Drawing of the Ogern Labour Camp
Creator: Clop, Lluís
Type: Drawing
Extent: 1 item
42.02352, 1.34078
Within Catalonia there were people belonging to political organizations and trade unions who sought to take advantage of the outbreak of the Civil War and the Generalitat’s loss of control of law and order to change society. This required destroying private property, eliminating religion, and burning notarial and judicial archives and buildings like churches and monasteries that represented power.
They also believed it was essential to physically eliminate people who they considerd class, ideological or religious enemies. Many people in the Republican rearguard, both men and women, were murdered and buried in what were called “clandestine cemeteries” or were tried by so-called “People’s Tribunals”. These were courts that were set up outside the official legal system, staffed mainly by lower-class people who had no knowledge of the law, and which handed down very harsh sentences. The peak of this violence beyond the control of the authorities came between July and December 1936.
After the government of the Republic assumed control of public order from the Generalitat and took over its Department of Defence in May 1937, this type of violence was significantly reduced. Those considered counter-revolutionaries continued to be persecuted, but now they were judged and sentenced according to the laws of the Republic.

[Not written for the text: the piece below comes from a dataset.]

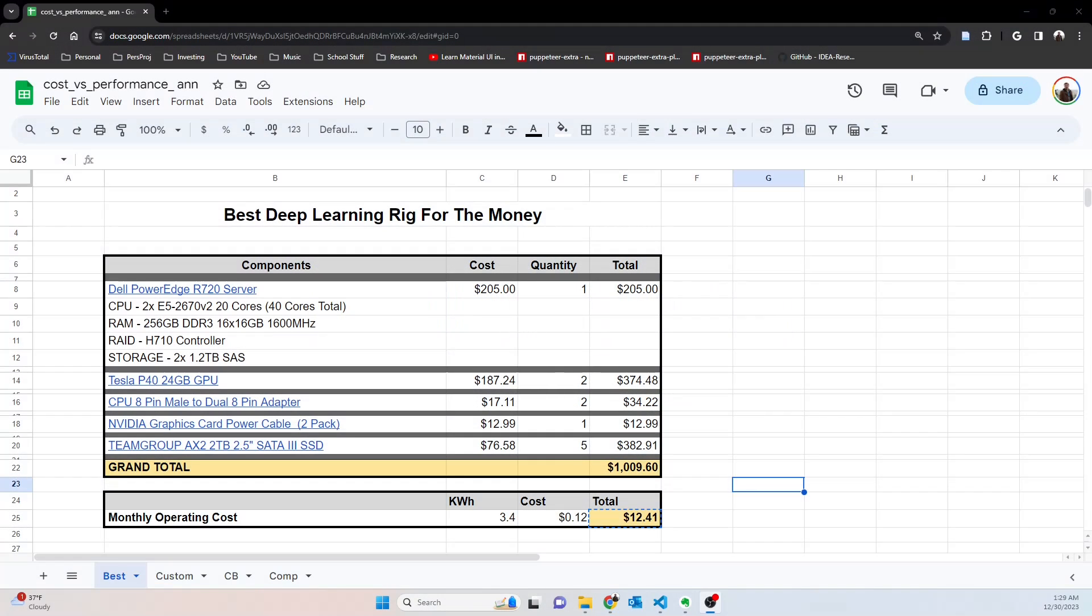What's up, it's almost the New Year and I wanted to touch on the best deep learning rig for the money in 2024. This is my opinion, but I think there's a lot of validity to this approach I'm about to share with you guys.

On 26 December 1936, Joan García Oliver, a member of the CNT-FAI who was serving as Minister of Justice in the government of the Republic, ordered the creation of what were called “Labour Camps” to house people sentenced by military or revolutionary courts to terms longer than six months and one day. The first of these camps was established in Totana (Murcia). Six were set up in Catalonia during the spring of 1938, all run by the Military Investigation Service (SIM), the Republic’s intelligence and security agency.
At the same time, the Generalitat created a Special Court with three judges to investigate and persecute the violence in Catalonia during the first months of the war. By the end of 1938, many people accused of being involved in those crimes had been arrested and more than 2,000 bodies had been exhumed from cemeteries across Catalonia.